Pictures in the entries below are excluded; copy only the lines from the one containing "Tween Boys Casual" to the one containing "Mikasso Banyo Duş", both included.

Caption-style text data
━━━━━━━━━━━━━━━━━━━━━━━━━━━━━━

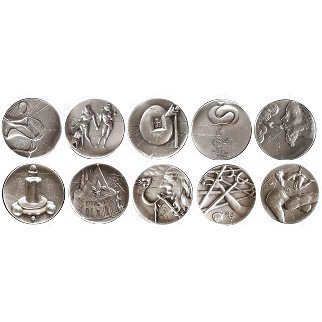 Los 10 Mandamientos La Ley De Dios (Ten Commandments Silver Medallions) Set of 10 1975 Other - Salvador Dali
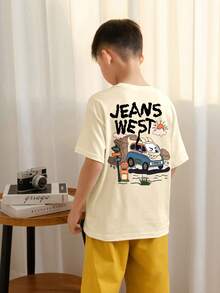 Tween Boys Casual Printed Crew Neck Short Sleeve T-Shirt, Summer Top - Apricot - View 2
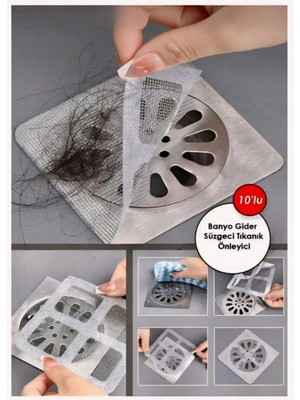 Mikasso Banyo Duş Gider Süzgec,i Gider Saç Tüy Kıl Toplayıcı Kapak,duş Gider Tıkanık Koruma Filesi 10 Adet P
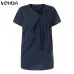VONDA Women Blouses Shirts 2019 Summer Vintage O Neck Short Sleeve Shirt Casual Loose Solid Tops Plus Size Female Blusas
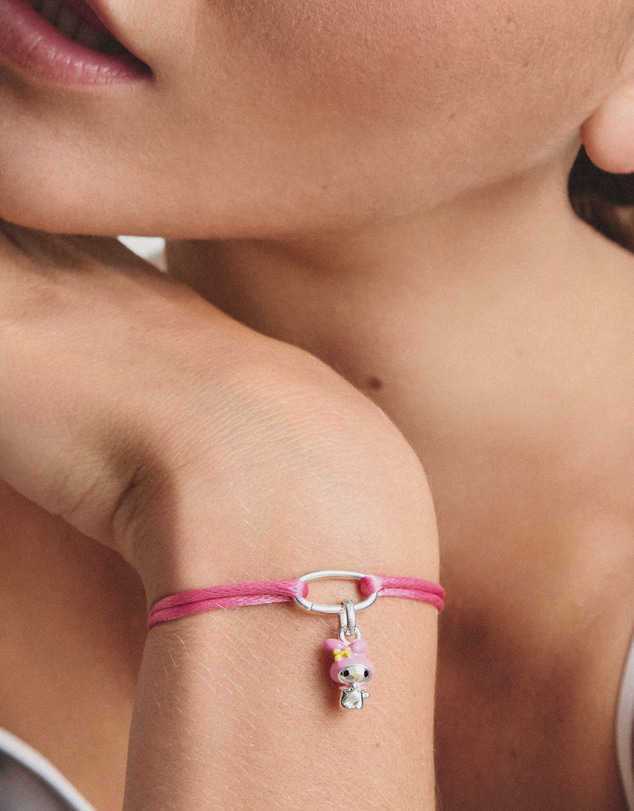 THOMAS SABO - Pink Textile Charm Club Bracelet with Silver-Plated Clasp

━━━━━━━━━━━━━━━━━━━━━━━━━━━━━━

> _Task solution_
 Tween Boys Casual Printed Crew Neck Short Sleeve T-Shirt, Summer Top - Apricot - View 2
 Mikasso Banyo Duş Gider Süzgec,i Gider Saç Tüy Kıl Toplayıcı Kapak,duş Gider Tıkanık Koruma Filesi 10 Adet P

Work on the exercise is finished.